[Start of section]
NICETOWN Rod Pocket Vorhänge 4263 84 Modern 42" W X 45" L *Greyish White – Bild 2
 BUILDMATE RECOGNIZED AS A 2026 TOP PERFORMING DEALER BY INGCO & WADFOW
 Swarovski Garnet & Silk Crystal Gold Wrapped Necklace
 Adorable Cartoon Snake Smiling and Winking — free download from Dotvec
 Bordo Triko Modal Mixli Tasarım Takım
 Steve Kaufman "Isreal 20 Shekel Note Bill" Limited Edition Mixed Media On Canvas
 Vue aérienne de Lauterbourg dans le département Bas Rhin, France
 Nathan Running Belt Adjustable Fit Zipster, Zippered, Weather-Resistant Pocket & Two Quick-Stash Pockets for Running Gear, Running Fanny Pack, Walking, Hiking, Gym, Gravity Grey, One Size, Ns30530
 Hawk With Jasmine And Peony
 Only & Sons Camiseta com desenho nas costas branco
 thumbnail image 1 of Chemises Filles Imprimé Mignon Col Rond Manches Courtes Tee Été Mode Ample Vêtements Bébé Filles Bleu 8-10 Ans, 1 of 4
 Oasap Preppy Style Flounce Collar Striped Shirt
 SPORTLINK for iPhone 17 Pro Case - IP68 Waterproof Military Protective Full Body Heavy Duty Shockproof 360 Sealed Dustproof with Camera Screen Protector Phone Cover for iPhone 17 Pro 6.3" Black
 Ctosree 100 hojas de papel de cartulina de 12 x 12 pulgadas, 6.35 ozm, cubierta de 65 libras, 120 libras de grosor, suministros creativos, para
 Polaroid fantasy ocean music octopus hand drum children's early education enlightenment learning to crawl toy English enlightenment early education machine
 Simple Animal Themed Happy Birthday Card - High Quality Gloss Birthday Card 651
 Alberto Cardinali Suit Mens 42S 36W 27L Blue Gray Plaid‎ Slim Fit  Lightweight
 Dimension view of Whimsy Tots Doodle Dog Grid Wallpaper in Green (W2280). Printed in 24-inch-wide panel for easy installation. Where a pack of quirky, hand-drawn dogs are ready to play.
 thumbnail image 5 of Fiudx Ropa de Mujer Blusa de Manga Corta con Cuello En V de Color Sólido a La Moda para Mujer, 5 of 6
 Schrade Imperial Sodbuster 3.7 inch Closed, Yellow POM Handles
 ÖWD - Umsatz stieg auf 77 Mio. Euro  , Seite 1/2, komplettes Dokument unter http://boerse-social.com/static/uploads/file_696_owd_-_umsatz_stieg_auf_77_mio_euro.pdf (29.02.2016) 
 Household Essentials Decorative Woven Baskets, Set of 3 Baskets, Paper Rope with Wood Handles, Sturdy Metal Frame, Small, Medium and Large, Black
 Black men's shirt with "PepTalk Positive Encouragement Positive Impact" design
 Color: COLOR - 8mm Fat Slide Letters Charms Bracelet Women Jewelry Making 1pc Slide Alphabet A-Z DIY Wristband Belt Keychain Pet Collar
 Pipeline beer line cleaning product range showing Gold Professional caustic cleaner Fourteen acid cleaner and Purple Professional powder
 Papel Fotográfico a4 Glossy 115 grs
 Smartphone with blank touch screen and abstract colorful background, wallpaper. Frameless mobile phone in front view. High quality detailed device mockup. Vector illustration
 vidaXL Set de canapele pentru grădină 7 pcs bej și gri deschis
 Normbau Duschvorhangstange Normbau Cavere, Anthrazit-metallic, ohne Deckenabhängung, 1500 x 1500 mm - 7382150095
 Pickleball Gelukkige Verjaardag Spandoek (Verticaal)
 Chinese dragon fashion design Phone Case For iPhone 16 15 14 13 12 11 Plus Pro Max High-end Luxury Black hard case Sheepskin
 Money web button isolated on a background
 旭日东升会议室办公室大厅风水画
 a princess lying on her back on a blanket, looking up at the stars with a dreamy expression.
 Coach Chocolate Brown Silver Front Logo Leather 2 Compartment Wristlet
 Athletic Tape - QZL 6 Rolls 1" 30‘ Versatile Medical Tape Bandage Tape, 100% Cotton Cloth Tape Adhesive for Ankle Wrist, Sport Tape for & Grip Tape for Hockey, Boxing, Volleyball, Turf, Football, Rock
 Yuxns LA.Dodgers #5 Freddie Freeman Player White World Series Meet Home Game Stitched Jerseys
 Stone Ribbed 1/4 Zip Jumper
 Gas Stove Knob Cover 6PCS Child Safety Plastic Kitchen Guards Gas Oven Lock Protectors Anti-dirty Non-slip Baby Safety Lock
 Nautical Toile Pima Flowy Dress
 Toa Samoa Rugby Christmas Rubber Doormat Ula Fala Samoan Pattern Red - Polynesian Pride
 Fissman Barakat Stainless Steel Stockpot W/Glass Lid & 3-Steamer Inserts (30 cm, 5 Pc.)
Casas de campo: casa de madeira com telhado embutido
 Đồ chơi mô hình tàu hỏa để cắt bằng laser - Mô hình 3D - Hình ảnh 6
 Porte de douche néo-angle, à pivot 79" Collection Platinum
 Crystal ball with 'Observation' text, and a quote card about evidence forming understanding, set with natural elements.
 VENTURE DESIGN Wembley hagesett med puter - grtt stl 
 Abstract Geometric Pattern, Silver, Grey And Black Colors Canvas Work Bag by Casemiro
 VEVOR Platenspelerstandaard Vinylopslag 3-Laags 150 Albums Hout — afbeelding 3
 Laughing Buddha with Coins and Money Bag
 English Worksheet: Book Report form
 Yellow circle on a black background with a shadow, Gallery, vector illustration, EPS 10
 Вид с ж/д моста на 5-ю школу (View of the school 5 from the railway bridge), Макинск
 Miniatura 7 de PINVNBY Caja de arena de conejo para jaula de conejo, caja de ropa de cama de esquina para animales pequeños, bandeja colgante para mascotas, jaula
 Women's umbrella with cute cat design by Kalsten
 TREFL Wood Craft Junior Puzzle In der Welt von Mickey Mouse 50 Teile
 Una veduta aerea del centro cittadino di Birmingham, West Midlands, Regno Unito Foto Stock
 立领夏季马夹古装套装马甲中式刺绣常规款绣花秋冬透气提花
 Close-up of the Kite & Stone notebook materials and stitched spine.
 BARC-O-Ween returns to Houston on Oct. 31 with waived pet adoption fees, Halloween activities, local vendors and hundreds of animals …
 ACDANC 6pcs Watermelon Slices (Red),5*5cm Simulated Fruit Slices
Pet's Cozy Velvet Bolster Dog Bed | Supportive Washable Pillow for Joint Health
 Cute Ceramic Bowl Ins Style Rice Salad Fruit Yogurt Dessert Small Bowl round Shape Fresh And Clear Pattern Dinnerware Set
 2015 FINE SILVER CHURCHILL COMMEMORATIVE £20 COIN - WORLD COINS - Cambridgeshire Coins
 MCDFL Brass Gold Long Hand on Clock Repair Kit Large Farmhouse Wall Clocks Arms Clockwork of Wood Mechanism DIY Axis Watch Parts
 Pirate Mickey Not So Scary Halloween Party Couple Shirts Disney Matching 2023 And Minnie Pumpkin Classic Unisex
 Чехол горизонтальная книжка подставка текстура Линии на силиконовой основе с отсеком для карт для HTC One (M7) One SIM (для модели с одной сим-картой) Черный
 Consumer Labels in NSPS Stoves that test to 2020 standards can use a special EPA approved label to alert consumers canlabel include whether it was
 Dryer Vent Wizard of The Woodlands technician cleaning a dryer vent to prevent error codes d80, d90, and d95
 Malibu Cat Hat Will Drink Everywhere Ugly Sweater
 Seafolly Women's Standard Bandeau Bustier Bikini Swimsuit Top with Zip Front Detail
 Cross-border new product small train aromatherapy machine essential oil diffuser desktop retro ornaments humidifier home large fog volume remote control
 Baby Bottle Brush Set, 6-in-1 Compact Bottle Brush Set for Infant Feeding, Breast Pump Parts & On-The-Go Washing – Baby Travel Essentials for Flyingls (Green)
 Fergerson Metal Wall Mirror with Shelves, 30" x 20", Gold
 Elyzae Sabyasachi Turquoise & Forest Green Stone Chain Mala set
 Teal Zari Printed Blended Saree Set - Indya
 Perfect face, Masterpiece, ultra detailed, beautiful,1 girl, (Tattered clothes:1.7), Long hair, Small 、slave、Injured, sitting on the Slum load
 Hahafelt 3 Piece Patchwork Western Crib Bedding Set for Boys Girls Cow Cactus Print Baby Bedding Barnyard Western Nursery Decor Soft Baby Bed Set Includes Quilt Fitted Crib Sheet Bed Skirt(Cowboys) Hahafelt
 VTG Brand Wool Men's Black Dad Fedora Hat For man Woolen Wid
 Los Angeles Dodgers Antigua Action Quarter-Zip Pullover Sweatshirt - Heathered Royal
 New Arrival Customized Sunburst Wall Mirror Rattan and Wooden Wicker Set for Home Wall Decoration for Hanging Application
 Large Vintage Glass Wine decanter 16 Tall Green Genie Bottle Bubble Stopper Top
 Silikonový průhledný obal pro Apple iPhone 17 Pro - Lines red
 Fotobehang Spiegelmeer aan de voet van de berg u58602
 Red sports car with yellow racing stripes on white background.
[End of section]
**Required work**
The response should be the listing above, limited to the lines between the one holding "Consumer Labels in" and the one holding "VTG Brand Wool", inclusive, reproduced exactly.

**Response to the exercise**
 Consumer Labels in NSPS Stoves that test to 2020 standards can use a special EPA approved label to alert consumers canlabel include whether it was
 Dryer Vent Wizard of The Woodlands technician cleaning a dryer vent to prevent error codes d80, d90, and d95
 Malibu Cat Hat Will Drink Everywhere Ugly Sweater
 Seafolly Women's Standard Bandeau Bustier Bikini Swimsuit Top with Zip Front Detail
 Cross-border new product small train aromatherapy machine essential oil diffuser desktop retro ornaments humidifier home large fog volume remote control
 Baby Bottle Brush Set, 6-in-1 Compact Bottle Brush Set for Infant Feeding, Breast Pump Parts & On-The-Go Washing – Baby Travel Essentials for Flyingls (Green)
 Fergerson Metal Wall Mirror with Shelves, 30" x 20", Gold
 Elyzae Sabyasachi Turquoise & Forest Green Stone Chain Mala set
 Teal Zari Printed Blended Saree Set - Indya
 Perfect face, Masterpiece, ultra detailed, beautiful,1 girl, (Tattered clothes:1.7), Long hair, Small 、slave、Injured, sitting on the Slum load
 Hahafelt 3 Piece Patchwork Western Crib Bedding Set for Boys Girls Cow Cactus Print Baby Bedding Barnyard Western Nursery Decor Soft Baby Bed Set Includes Quilt Fitted Crib Sheet Bed Skirt(Cowboys) Hahafelt
 VTG Brand Wool Men's Black Dad Fedora Hat For man Woolen Wid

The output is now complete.